▽
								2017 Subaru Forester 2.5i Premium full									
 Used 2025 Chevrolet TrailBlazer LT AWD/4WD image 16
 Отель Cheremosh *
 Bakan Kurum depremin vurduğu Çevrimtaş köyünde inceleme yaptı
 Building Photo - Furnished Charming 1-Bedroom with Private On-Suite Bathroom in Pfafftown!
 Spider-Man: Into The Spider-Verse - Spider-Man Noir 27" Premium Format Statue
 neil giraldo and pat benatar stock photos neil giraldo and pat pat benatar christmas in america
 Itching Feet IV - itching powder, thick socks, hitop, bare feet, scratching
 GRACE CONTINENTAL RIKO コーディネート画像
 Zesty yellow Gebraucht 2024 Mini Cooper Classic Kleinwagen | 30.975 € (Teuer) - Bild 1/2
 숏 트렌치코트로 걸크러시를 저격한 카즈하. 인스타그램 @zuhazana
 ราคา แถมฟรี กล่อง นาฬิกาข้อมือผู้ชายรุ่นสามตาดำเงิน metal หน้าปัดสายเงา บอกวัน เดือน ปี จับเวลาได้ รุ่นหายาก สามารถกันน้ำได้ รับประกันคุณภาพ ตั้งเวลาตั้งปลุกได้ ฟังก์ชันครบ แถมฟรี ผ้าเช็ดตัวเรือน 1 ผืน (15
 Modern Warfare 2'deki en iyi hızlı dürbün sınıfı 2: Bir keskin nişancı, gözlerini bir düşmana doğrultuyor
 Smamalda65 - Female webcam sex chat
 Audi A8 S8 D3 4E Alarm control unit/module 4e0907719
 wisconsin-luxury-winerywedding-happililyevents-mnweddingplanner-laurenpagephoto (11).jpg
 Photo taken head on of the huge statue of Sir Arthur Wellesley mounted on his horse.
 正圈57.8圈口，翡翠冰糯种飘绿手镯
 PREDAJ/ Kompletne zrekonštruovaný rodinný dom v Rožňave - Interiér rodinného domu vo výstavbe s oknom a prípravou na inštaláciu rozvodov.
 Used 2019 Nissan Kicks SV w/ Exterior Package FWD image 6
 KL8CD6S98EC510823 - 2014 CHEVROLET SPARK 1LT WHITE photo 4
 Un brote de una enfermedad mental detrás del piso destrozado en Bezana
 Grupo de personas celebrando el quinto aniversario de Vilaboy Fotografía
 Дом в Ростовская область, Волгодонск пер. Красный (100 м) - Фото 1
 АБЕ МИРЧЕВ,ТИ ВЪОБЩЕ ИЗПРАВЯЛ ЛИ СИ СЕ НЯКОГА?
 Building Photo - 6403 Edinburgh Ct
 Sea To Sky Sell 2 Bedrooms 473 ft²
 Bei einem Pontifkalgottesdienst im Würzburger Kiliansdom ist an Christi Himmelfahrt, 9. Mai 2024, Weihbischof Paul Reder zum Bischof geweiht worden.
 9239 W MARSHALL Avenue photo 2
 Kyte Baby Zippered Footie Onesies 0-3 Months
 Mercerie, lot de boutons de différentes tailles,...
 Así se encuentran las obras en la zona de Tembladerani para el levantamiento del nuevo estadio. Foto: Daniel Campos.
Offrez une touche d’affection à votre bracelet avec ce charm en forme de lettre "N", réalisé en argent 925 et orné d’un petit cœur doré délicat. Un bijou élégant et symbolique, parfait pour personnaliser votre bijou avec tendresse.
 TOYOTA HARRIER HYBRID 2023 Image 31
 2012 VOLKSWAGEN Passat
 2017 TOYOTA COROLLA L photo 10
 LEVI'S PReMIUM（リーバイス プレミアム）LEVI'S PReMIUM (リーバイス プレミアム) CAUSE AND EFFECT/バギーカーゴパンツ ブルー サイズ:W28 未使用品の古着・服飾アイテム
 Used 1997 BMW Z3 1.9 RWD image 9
△
### TASK ITEM
Copy the lines above exactly, beginning at the line containing "2017 TOYOTA COROLLA L photo 10" and stopping at the last line.

### ANSWER FOR THIS EXERCISE
 2017 TOYOTA COROLLA L photo 10
 LEVI'S PReMIUM（リーバイス プレミアム）LEVI'S PReMIUM (リーバイス プレミアム) CAUSE AND EFFECT/バギーカーゴパンツ ブルー サイズ:W28 未使用品の古着・服飾アイテム
 Used 1997 BMW Z3 1.9 RWD image 9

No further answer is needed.